Friday, December 24, 2010

Silent Night

It's 2:00 in the morning on Christmas Day. I sit in a dark living room basking in the colored, blinking lights of the Christmas tree. Our vintage train set with its more modern snowy village encircles the tree, and piles of presents are haphazardly strewn around the platform, looking enticing and mysterious. "Santa" has paid a visit and bulging stockings with wish-fulfilling presents propped against them are arranged on the couch, waiting for morning when they will be admired and enjoyed. In the dining room the table is set for our anticipated sweet roll breakfast with red, green, and silver dishes and decorations. The house is quiet, except for a ticking clock and an occasional sigh or snore from my sleeping family. I should be asleep too, because tomorrow will be a long and active day of gifts, food, and family. Usually I fall exhausted into bed on Christmas Eve when everything is finally ready for Christmas morning to come, but tonight I just want to enjoy this perfect time between preparing for the big day and diving into the festivities.

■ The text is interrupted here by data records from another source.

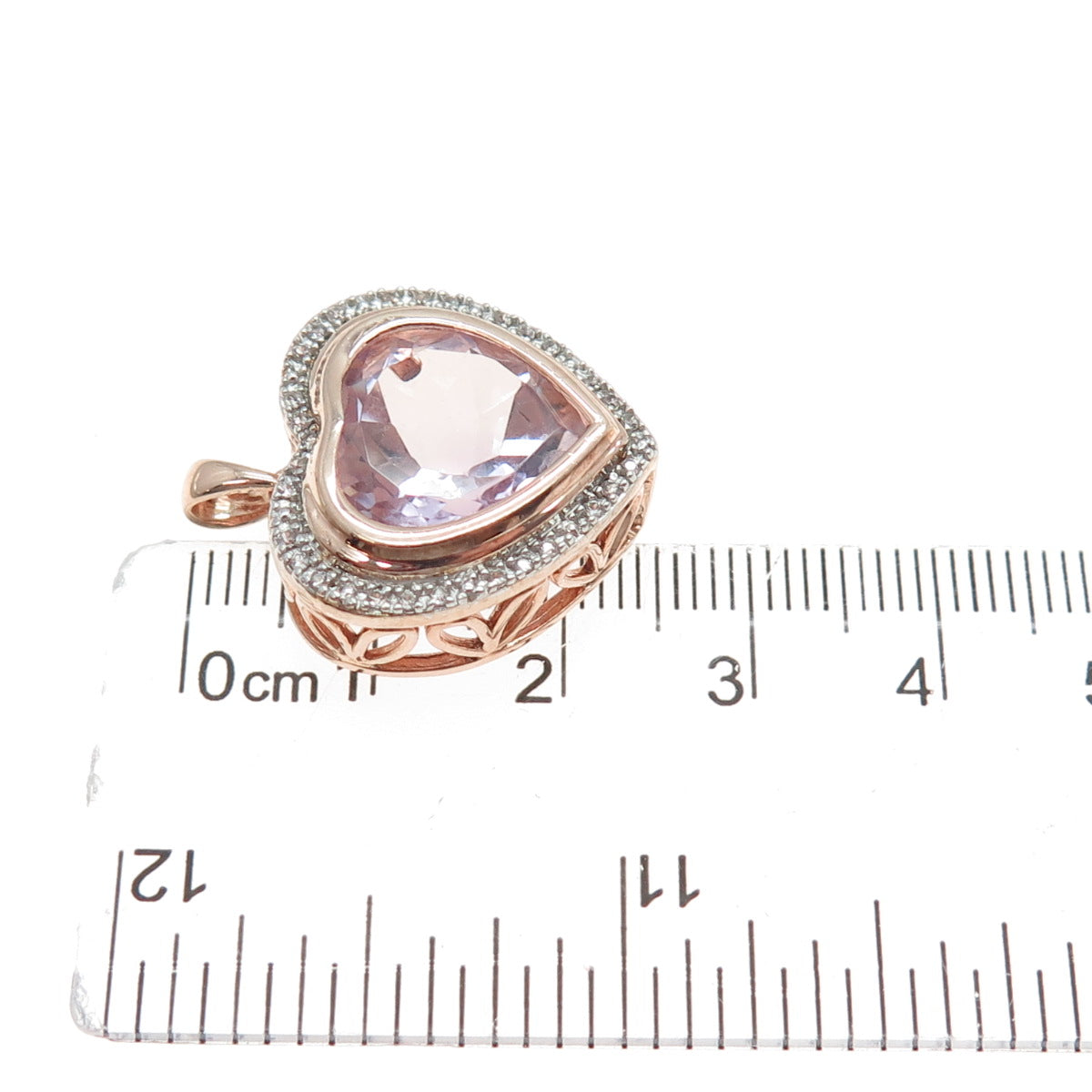 925 Sterling Silver Rose Gold Plated Amethyst & White Topaz Heart Charm Pendant
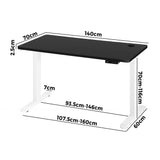 NNEED Standing Desk Dual Motor Adjustable 140cm Walnut&Black
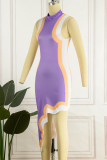 Purple Sexy Print Asymmetrical O Neck Sleeveless Dress Dresses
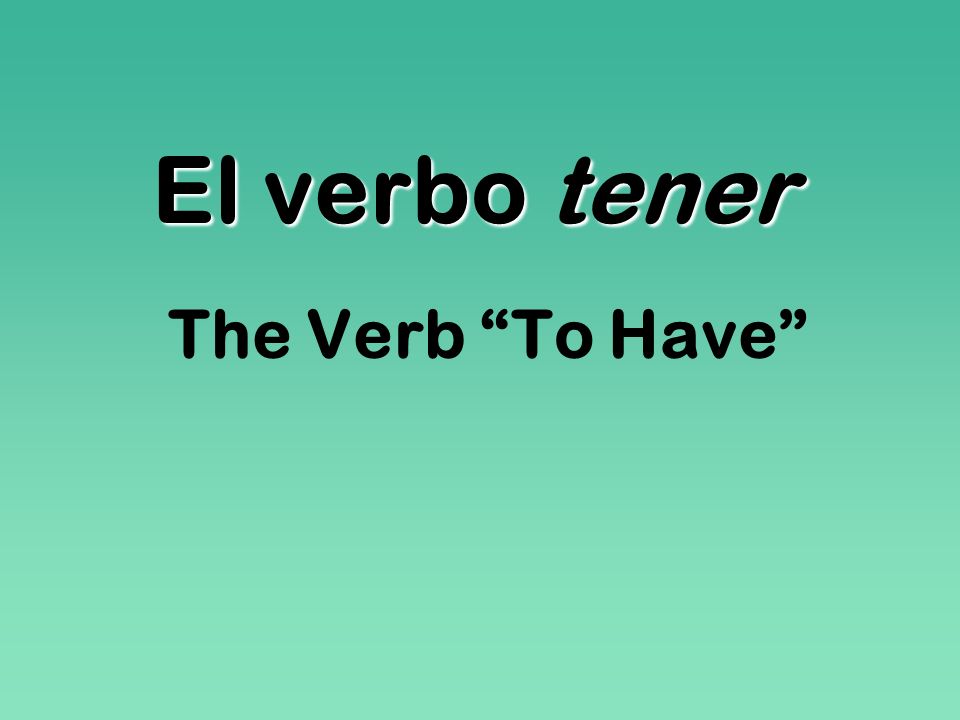 El verbo tener The Verb To Have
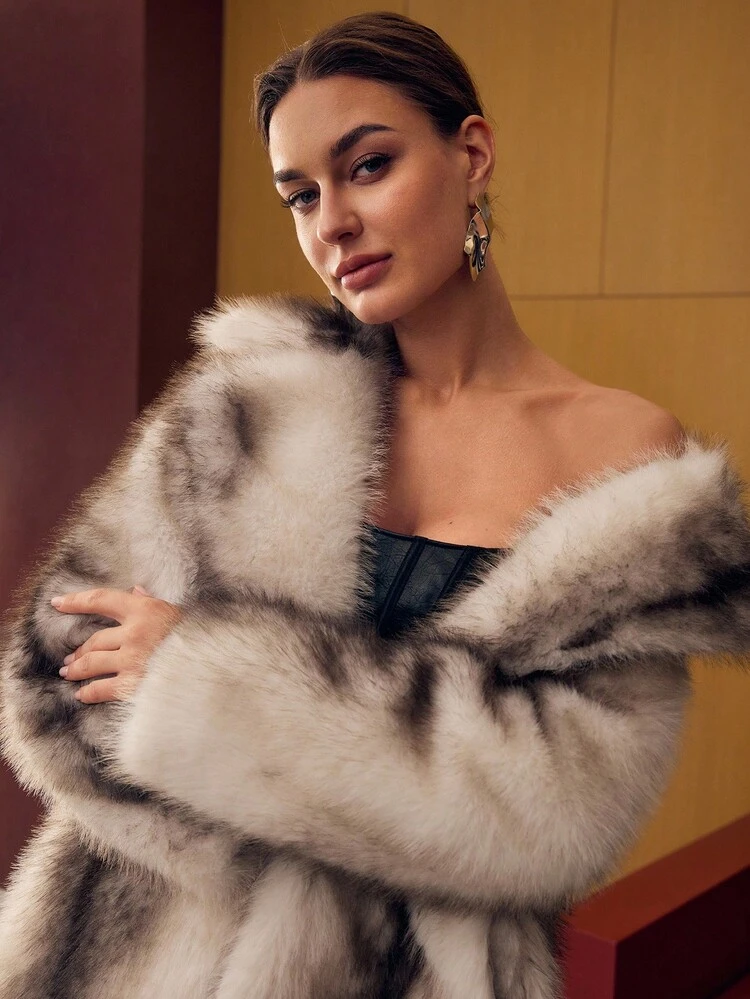 LAPEL COLORBLOCK FAUX FUR COAT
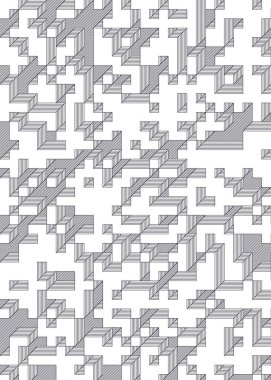 Edward Zajec 'in 1971' deki Il Cubo 'sunun uygulanması. Esasen 8 taştan oluşan bir Truchet fayans seti ve yerleştirme sanatı illüstrasyonu için kurallar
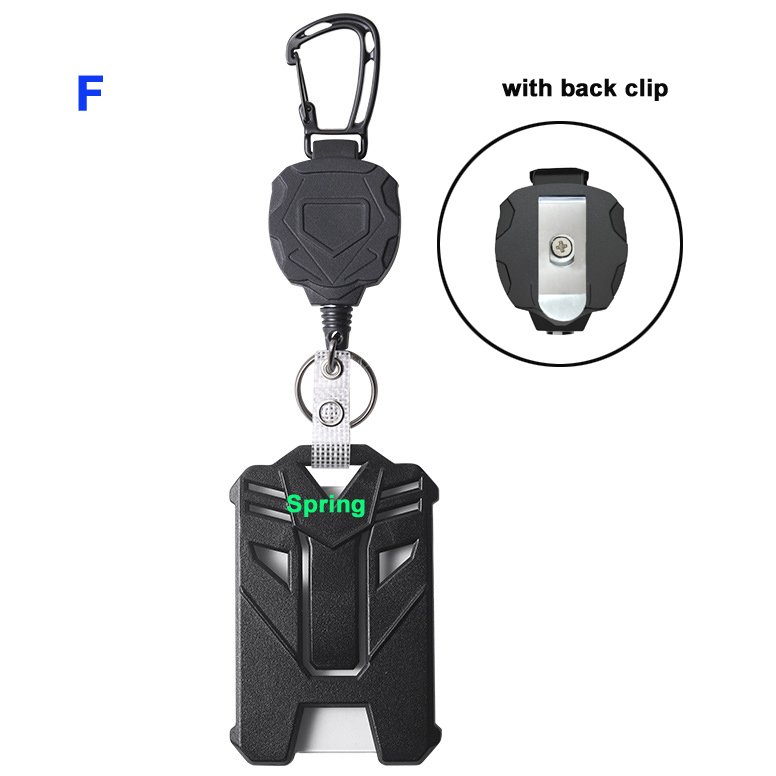 Custom Design Heavy-Duty Retractable Keychains Set Retractable Badges Reel Clip with Hard ID Card Holder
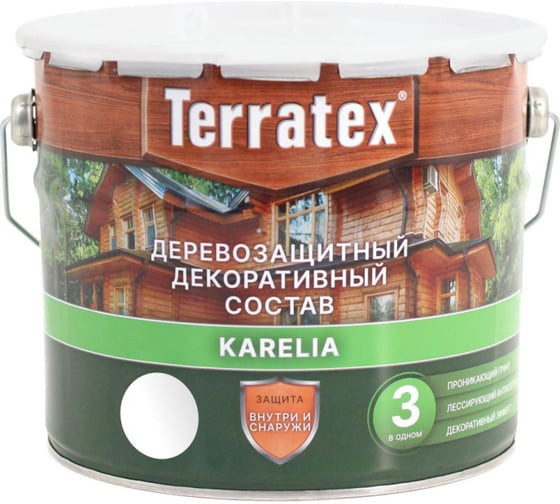 Изображение товара Деревозащитный декоративный состав ТЕРРАТЕКС белый, 2.25 кг, 3 л ЭК000136996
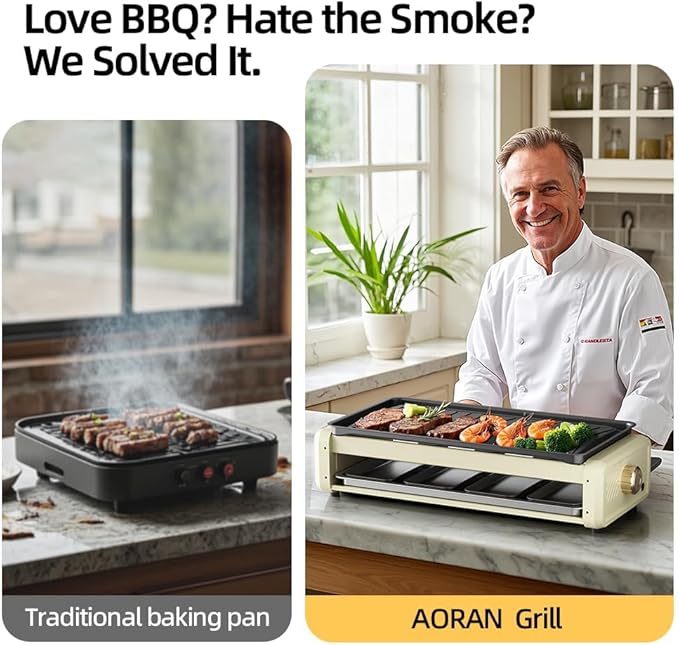 Aoran Electric Smokeless Grill, 1800W Nonstick Indoor Griddle Pan, Adjustable - Image 3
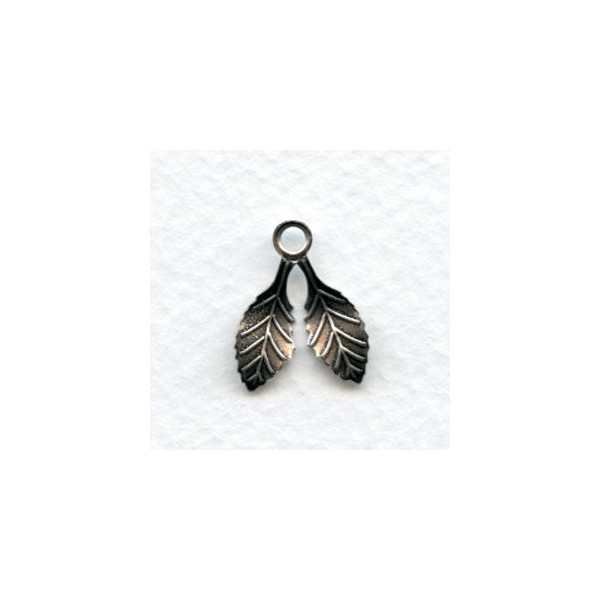 Small Double Leaves with a Loop Oxidized Silver 17mm (12) - Image 2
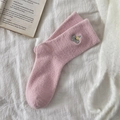Pink plush socks with cute animal embroidery and thick thermal fabric for winter - Pink (Koala Embroidery)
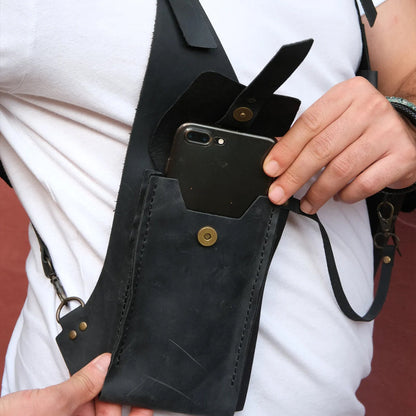 Medieval Steampunk shoulder bag with retro strap | Bowlift
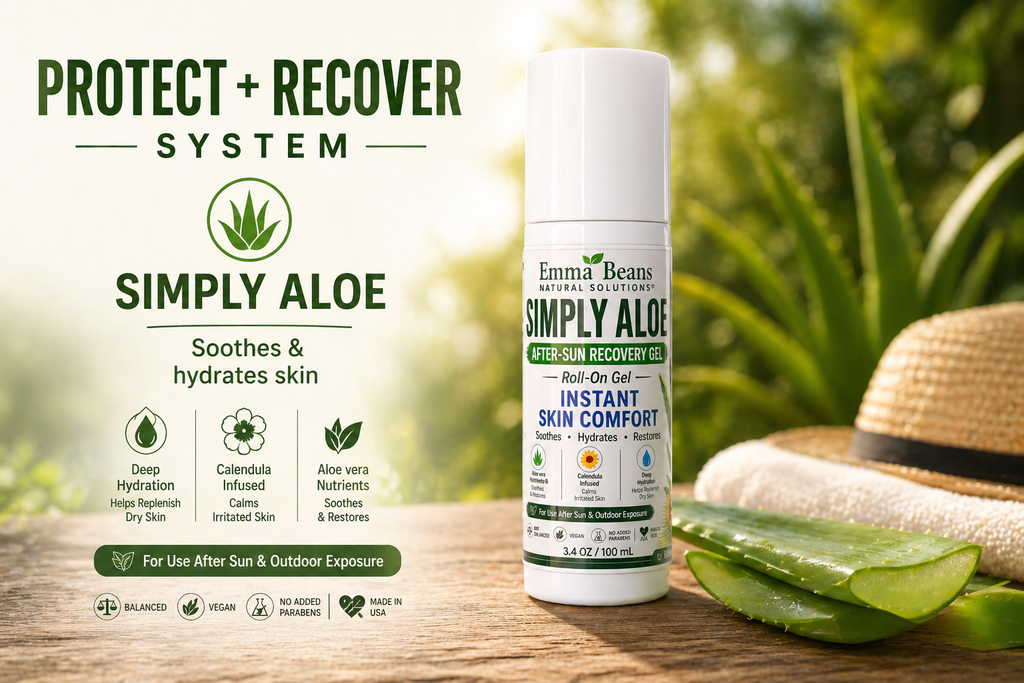 Simply Aloe after-sun recovery gel roll-on tube for soothing and hydrating sun-exposed skin. — view 5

It's been a rough year for me with serious health concerns coming thick and fast for the last nine months. Most of it is behind me now and so many results have been positive, but I am worn out from the fight and it took an extra effort to get all of the Christmas preparations done this year. The kids and Ed have put up with enough anxiety about me in the last few months, I didn't want to skimp on any of our traditions or seem unable to celebrate the season with the usual enthusiasm. And anyway, I love Christmas and truly enjoy our traditions, most of which I started and have encouraged over the years. I didn't want to miss any of it. And now I want to stay right here, savoring the perfection of the moment, knowing that whatever happens tomorrow and in the coming months I will have the memory of this time in between preparation and celebration. But sleepiness is overtaking me so I make my way to bed, looking forward to similar Christmases, each with their own unique perfection, for many years to come.